Replacing coll.head.equals
and coll.last.equals
with .contains
, returns a result, of course it is not correct, since "end" is at some point always included.
import akka.actor.ActorSystem
import akka.stream.ActorMaterializer
import akka.stream.scaladsl._
val list = List("d1", "d2", "d3", "start", "d4", "d5", "d6", "d7", "end", "d9", "d10", "start", "d11", "d12", "d13", "d14", "end", "d15")
val source = Source(list) // actual Source is unbound, has many more items between "start" and "end"; also the cycle of "start" and "end" repeats
implicit val system = ActorSystem("collection-accumulator")
implicit val materializer = ActorMaterializer()
Source(list)
.scan(Seq.empty[String]) { (coll, s) =>
if(s.equals("start") || coll.contains("start"))
coll :+ s
else
Seq.empty[String]
}
.filter(_.contains("end"))
.to(Sink.foreach(println)).run()
As expected, the output is:
List(start, d4, d5, d6, d7, end)
List(start, d4, d5, d6, d7, end, d9)
List(start, d4, d5, d6, d7, end, d9, d10)
Any suggestions on how to solve this? I suspect some "materialization" needs to be forced along the way, or I might just run into some lazy eval/actor/async issue that I am not aware of. Thanks in advance!

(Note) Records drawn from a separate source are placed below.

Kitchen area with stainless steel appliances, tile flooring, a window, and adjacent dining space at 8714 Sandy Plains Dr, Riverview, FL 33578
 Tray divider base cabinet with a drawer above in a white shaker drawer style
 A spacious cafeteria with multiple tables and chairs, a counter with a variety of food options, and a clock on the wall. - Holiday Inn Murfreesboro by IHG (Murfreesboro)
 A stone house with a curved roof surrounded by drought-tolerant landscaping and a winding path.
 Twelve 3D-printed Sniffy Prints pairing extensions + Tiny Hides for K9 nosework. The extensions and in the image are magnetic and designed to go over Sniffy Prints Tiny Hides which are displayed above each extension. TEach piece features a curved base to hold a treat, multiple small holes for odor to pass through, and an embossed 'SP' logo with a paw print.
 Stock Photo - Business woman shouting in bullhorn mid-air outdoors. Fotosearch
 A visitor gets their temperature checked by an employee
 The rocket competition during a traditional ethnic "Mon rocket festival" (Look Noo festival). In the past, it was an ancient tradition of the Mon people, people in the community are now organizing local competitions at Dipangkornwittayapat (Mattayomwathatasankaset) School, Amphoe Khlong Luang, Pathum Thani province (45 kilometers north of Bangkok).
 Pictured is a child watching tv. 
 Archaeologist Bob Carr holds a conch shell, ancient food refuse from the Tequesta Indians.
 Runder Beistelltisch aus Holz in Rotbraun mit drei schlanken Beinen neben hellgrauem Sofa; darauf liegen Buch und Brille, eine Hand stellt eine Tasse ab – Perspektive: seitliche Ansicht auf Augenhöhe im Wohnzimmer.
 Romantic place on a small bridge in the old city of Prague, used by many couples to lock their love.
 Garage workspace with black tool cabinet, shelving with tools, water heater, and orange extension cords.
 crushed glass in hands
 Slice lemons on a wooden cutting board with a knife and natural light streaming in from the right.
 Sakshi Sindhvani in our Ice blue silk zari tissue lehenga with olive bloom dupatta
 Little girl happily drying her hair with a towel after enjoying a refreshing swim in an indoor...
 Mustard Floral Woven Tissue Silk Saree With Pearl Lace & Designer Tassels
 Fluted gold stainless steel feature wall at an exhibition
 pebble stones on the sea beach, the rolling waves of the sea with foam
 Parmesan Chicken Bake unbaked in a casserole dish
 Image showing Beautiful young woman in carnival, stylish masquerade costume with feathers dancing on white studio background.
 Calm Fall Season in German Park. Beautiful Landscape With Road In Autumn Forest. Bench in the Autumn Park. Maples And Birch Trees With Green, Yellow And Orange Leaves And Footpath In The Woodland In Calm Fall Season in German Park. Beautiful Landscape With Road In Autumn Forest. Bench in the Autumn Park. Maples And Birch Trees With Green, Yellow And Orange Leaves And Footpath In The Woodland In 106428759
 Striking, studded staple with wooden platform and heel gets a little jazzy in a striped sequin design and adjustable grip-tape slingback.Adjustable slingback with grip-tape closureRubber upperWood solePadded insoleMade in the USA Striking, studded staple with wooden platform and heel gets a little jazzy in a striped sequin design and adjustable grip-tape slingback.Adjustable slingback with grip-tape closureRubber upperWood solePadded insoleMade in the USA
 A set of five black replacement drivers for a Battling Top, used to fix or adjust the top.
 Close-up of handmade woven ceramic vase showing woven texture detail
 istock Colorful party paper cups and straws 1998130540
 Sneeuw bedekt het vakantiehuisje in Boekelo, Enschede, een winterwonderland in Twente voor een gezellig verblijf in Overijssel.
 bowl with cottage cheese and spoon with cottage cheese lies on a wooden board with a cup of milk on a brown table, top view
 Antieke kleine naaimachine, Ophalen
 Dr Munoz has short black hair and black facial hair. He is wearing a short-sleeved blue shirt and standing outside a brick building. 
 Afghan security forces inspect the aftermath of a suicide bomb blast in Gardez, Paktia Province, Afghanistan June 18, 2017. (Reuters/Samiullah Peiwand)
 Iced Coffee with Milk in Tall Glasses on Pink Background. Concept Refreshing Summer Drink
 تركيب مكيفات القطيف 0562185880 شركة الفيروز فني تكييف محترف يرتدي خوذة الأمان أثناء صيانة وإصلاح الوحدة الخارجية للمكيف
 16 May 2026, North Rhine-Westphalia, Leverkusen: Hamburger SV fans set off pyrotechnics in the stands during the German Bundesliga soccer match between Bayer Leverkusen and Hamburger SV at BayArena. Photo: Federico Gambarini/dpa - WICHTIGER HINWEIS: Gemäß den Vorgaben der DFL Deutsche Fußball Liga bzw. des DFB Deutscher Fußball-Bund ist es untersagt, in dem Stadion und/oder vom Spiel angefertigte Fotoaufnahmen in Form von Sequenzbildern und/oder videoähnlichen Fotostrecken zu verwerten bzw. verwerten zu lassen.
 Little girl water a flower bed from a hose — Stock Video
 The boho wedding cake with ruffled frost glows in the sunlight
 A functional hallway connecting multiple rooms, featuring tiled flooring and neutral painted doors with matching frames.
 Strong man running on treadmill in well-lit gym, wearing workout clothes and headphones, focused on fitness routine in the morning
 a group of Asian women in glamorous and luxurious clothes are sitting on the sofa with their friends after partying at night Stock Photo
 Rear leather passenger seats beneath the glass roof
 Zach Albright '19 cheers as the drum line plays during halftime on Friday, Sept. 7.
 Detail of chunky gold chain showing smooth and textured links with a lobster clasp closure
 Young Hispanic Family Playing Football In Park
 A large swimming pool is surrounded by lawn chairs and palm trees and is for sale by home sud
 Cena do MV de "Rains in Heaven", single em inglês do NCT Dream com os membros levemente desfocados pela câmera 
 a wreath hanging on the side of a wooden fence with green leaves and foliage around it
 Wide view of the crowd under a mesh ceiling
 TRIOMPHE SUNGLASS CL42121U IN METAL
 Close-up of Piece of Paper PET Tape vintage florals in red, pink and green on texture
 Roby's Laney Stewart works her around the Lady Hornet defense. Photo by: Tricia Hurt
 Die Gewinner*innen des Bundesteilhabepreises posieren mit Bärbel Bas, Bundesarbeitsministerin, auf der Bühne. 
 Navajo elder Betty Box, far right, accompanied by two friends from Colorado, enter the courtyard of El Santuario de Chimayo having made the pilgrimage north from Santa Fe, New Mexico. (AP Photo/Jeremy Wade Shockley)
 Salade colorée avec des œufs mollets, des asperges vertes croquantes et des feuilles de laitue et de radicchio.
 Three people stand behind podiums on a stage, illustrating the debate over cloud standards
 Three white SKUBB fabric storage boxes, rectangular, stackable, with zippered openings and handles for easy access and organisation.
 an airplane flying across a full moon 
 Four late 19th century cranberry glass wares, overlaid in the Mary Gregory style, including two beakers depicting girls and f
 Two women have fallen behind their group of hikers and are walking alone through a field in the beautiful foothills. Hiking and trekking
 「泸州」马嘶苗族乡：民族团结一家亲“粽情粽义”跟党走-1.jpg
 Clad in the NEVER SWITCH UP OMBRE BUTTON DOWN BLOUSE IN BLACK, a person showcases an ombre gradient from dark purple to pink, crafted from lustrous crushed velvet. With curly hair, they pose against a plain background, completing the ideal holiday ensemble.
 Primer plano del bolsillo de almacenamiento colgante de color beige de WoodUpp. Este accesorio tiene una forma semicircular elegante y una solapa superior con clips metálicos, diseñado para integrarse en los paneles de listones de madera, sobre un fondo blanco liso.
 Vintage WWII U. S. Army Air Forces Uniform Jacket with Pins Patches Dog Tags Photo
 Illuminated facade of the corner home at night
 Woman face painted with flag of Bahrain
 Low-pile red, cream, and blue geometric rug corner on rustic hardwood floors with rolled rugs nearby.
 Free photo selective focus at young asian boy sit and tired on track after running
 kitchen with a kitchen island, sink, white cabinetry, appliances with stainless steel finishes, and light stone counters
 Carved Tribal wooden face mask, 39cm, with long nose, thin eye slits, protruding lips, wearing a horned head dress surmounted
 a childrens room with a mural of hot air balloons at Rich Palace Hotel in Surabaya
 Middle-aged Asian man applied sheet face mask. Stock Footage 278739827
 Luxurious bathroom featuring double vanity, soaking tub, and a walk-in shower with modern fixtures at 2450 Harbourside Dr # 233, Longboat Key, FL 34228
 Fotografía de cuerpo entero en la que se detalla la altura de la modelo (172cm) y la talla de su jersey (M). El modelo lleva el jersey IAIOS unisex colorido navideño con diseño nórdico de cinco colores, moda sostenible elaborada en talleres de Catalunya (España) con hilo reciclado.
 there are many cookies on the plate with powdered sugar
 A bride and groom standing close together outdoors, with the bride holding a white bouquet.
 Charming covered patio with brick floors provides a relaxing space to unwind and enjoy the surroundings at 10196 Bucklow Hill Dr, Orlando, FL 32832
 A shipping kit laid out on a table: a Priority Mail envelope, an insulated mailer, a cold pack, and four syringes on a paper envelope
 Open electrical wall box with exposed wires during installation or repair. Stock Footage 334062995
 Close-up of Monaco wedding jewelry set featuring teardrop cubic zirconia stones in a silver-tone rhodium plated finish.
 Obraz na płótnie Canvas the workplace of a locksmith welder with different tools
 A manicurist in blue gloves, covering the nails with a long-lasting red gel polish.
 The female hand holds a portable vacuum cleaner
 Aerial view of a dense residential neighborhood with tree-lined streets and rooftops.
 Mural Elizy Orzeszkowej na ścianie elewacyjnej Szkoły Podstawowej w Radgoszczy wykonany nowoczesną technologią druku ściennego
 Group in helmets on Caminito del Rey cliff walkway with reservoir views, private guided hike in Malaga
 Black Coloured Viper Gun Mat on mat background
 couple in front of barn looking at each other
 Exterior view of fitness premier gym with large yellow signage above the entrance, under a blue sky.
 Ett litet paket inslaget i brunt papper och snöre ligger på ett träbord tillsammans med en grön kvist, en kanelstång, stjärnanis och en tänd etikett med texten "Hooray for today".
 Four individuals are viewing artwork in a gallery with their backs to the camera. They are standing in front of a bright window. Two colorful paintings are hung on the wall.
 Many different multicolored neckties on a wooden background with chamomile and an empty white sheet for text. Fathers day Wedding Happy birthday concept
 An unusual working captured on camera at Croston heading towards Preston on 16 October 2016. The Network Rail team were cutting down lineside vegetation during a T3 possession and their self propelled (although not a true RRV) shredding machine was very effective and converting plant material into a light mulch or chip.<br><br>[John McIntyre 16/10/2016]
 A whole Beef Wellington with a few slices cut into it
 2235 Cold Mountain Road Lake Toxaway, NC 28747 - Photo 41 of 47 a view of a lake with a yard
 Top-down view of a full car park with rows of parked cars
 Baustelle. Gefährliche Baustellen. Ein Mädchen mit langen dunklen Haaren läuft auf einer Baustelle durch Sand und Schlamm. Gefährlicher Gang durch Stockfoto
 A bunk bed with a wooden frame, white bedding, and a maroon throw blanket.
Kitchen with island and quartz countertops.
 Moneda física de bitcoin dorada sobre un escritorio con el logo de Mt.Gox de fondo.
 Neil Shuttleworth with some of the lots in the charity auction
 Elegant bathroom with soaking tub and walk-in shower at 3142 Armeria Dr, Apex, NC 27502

(at the time of writing, https://doc.akka.io/docs/akka/current/stream/stream-quickstart.html has a ready-made ScaleFiddle for quickly playing around with Akka Streams)
Edit:
Clarify "unbound" - what I meant was, that the list of messages is not only unbound, but also the "START" and "END" cycles repeat as well. I have updated the example accordingly.